Though the event was intended to be a lecture followed by a brief question-and-answer session, Díaz chose to forego the lectern and insist that students drive the discussion because of a “resurgence of student activism” on college campuses over the past few weeks.
While students seemed hesitant to speak at first, eventually several audience members posed questions related to the experiences of people of color as students and activists on college campuses, allowing for the event to become exclusively a question-and-answer session.
The first question of the evening asked how to start dialogue between students who are not involved in or do not care about the issues that student activists seek to remedy.
Díaz acknowledged that there are many different tactics that are not wrong but not “perfectly right” when starting dialogue. He emphasized the importance of always having compassion when holding these conversations.
“I was trained to be an entrenched supporter of white supremacy,” Díaz said. “There are very few people who are not brought up that way. But having been in that position when I was younger, my approach to these kinds of conversations always begins with a baseline of compassion.”
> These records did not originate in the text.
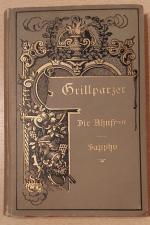 Franz Grillparzer - Herausgeber August S Franz Grillparzer - Herausgeber August S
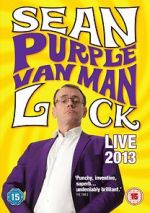 Watch Sean Lock: Purple Van Man 0123movies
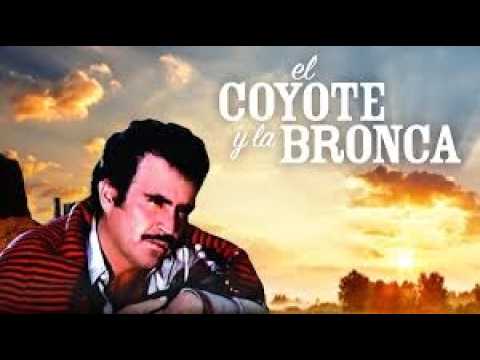 EL COYOTE Y LA BRONCA | Vicente Fernández, Blanca Guerra | Película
Activists must remember that at some point in their lives, they may have held beliefs that they would now find repugnant, Díaz said. This personal evolution can serve as a reminder of the possibility for change, he said.
“As an activist, I’ve always kept that self of mine who was super messed up, because it reminds me of what is possible,” Díaz said.
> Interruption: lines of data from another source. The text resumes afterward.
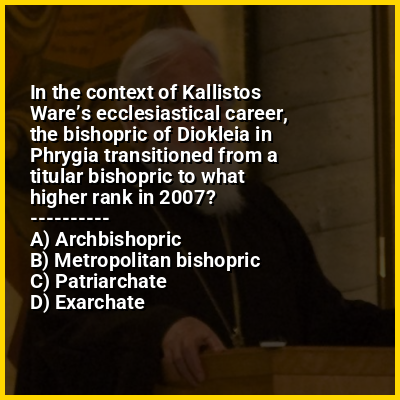 In the context of Kallistos Ware’s ecclesiastical career, the bishopric of Diokleia in Phrygia transitioned from a titular bishopric to what higher rank in 2007?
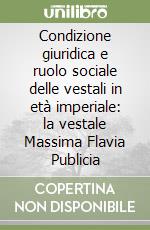 Condizione giuridica e ruolo sociale delle vestali in età imperiale: la vestale Massima Flavia Publicia libro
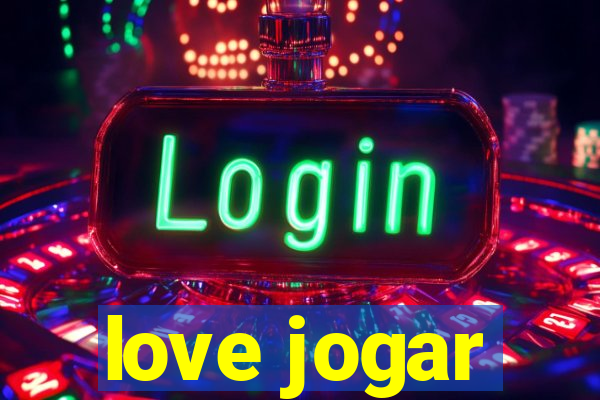 love jogar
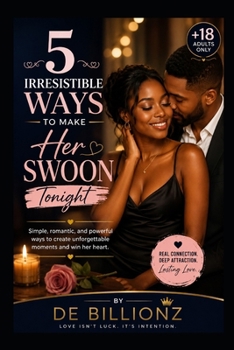 Paperback 5 Irresistible Ways to Make Her Swoon Tonight Book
The majority of the questions that followed during the hour-long event were related to racism in academia.
One student asked Díaz the best way to balance activism and academics when enrolled in a class taught by a professor who perpetuates racism, since professors have power in assigning grades and forming curriculums. Another student asked how to reassert black women as thinkers in the world of academia.
To answer these questions, Díaz urged students, particularly the students of color in the audience, to do their work in order to both educate themselves about liberation and to graduate. Díaz expressed that his “main goal” is to graduate students of color.
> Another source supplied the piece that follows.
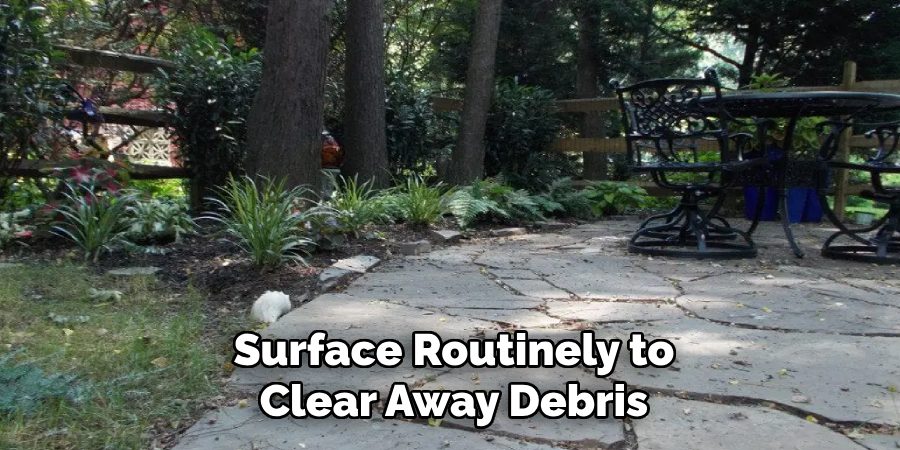 Surface Routinely to Clear Away Debris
“You must recognize that we are in an educational system of deep scarcity,” Díaz said. “You survived growing up black, brown, yellow and indigenous. No one is more prepared.”
Díaz also encouraged students to be honest about their privilege as students in elite institutions while simultaneously taking into consideration the ways in which they are oppressed.
Díaz drew on his own experience as an activist, especially during his time at Cornell. In 1993, Díaz was instrumental in a four-day student protest aimed at remedying the underrepresentation and underserving of Latinos on campus known as the Day Hall takeover. Díaz said students should formulate a list of specific demands to guarantee institutional change that will outlast the four-year turnover of student activists.
Multiple students also asked how to bring ideas learned through social activism to their communities back home. Díaz implored students to engage in “hand to hand” work with people at home.
“If you’re not practicing altruism now, you won’t be practicing it in the future,” Díaz said.
“You don’t have to be a 24-hour activist,” Díaz added. “Even if you volunteer somewhere one hour a week, you will keep that flame alive.”
As the designated time for the lecture concluded, the crowd rose to give Díaz a standing ovation. A book signing immediately followed the discussion.
“In the end, we’re incredibly proud of you,” Díaz said as a parting thought. “This school was asleep a couple years ago, and you’ve woken it up.”